We would like to start this Legal Hotline question with an announcement that MAR General Counsel Mike McDonagh has accepted a position as CEO of the Massachusetts Association of Subcontractors, effective September 1. MAR will be on the hunt for a new led counsel and we will rely on Catherine and Justin until a replacement is found. And here is your update:
Q: I’ve heard that the Board is really cracking down on escrow accounts; what are some of the main things to watch out for?
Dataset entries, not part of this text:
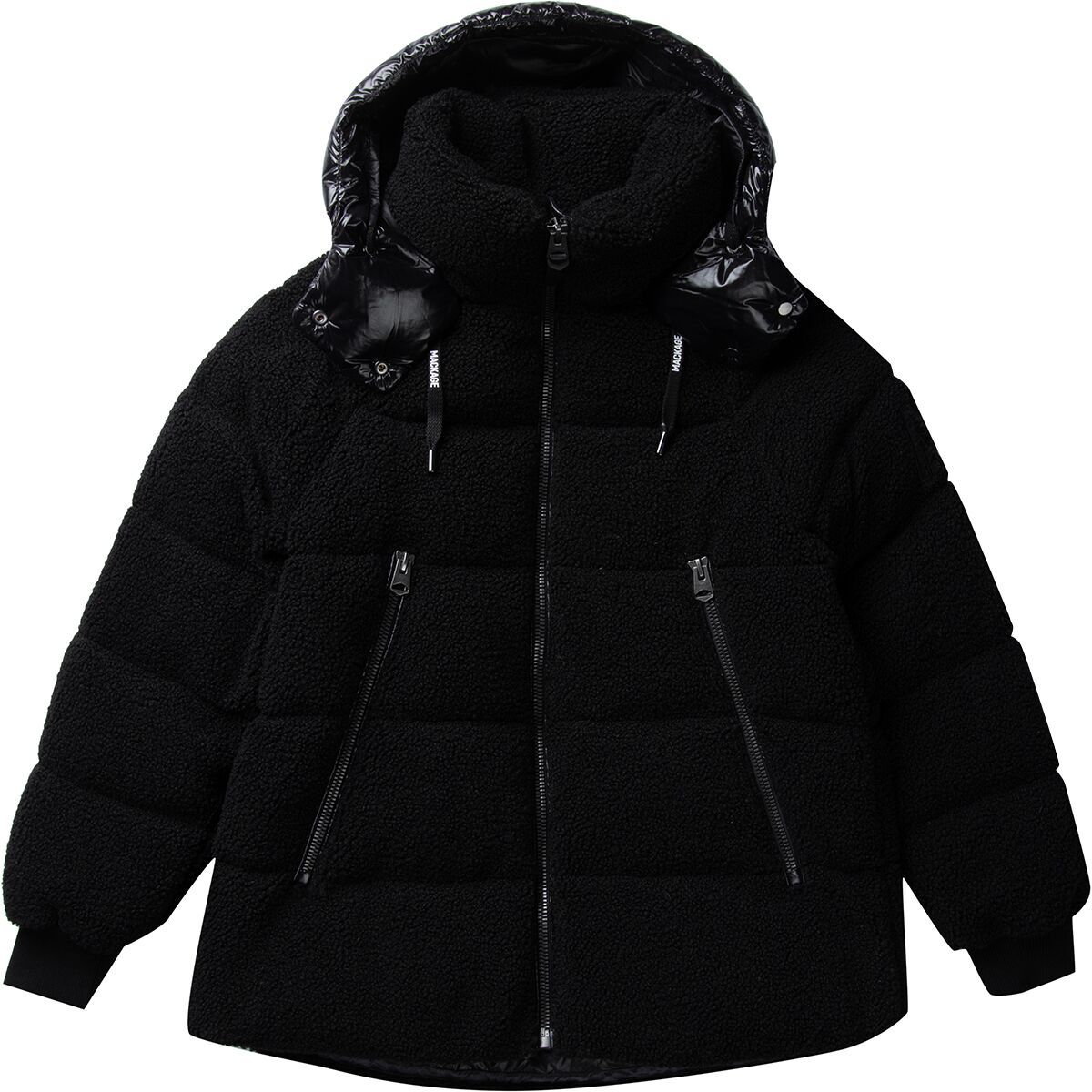 Mackage Women's Edana Teddy Down Jacket in Black - Size: Medium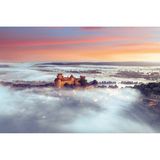 Sonnenaufgang, Castelnau-Bretenoux, Frankreich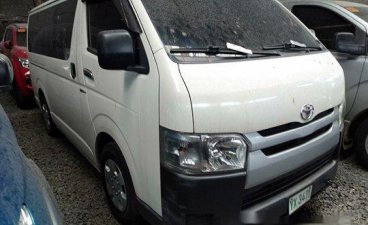 Selling White Toyota Hiace 2016 in Quezon City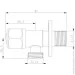 Wezer   SOL21A-16-BLACK 1/2"x1/2"  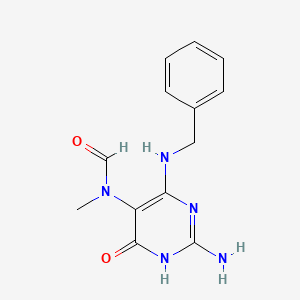 molecular formula C13H15N5O2 B13381858 N-[2-amino-6-(benzylamino)-4-oxo-1H-pyrimidin-5-yl]-N-methylformamide 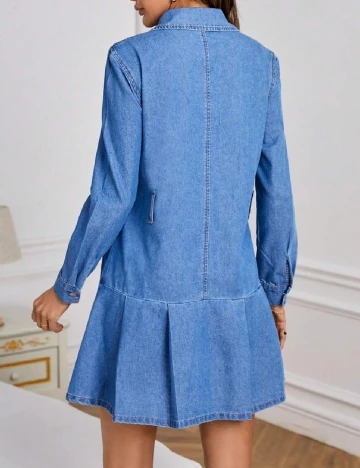 Rochie scurta SHEIN, albastru
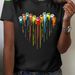 European And American Cross-border Foreign Trade Clothing, Heart Paw Print Round Neck Printed Women's Short-sleeve_ecoleips.com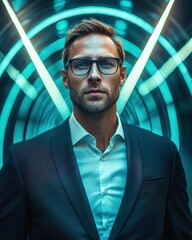 Poster - Insider Threat Protection Strategies for Modern Professionals in a Futuristic Office Environment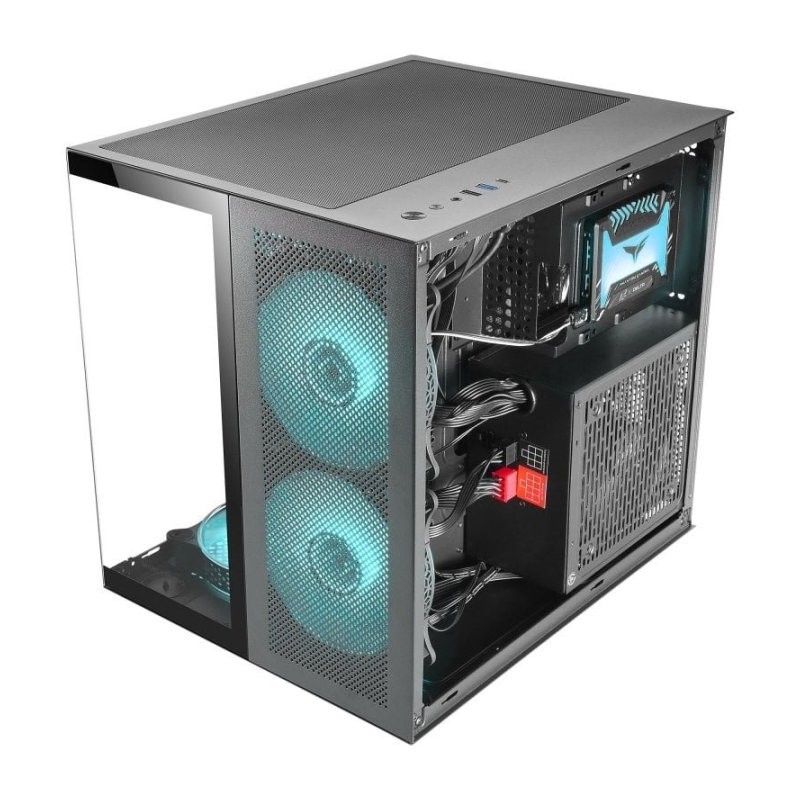 Caja ordenador mars gaming mcnovam matx cristal templado negra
A: Three of the most common escrow account pitfalls our members encounter are:
- Commingling of Funds. Funds cannot be transferred from the escrow account to an operating account until the transaction has closed. We often hear of members who preemptively transfer funds from their escrow to their operating account so that they can bring a check for the co-broker at closing. Even if it is a near certainty that the transaction will close as scheduled, this is an impermissible commingling of funds. There is nothing in 254 CMR 3.10(a) that would prohibit the disbursement of funds directly from the escrow account after the closing has occurred.
- Having Non-Broker Signatories. The Board interprets 254 CMR 3.10(a) as allowing for only brokers to keep and maintain escrow accounts. Neither salespeople nor unlicensed individuals, such as a bookkeeper, may have check signing authority.
- Escrow Accounting: The broker is responsible for keeping a proper account of the escrow account. This requires not only tracking all deposits and distributions, but also maintaining copies of each check deposited into and withdrawn from the escrow account for a period of three (3) years from the date of issuance. The check register must be kept for a period of ten (10) years.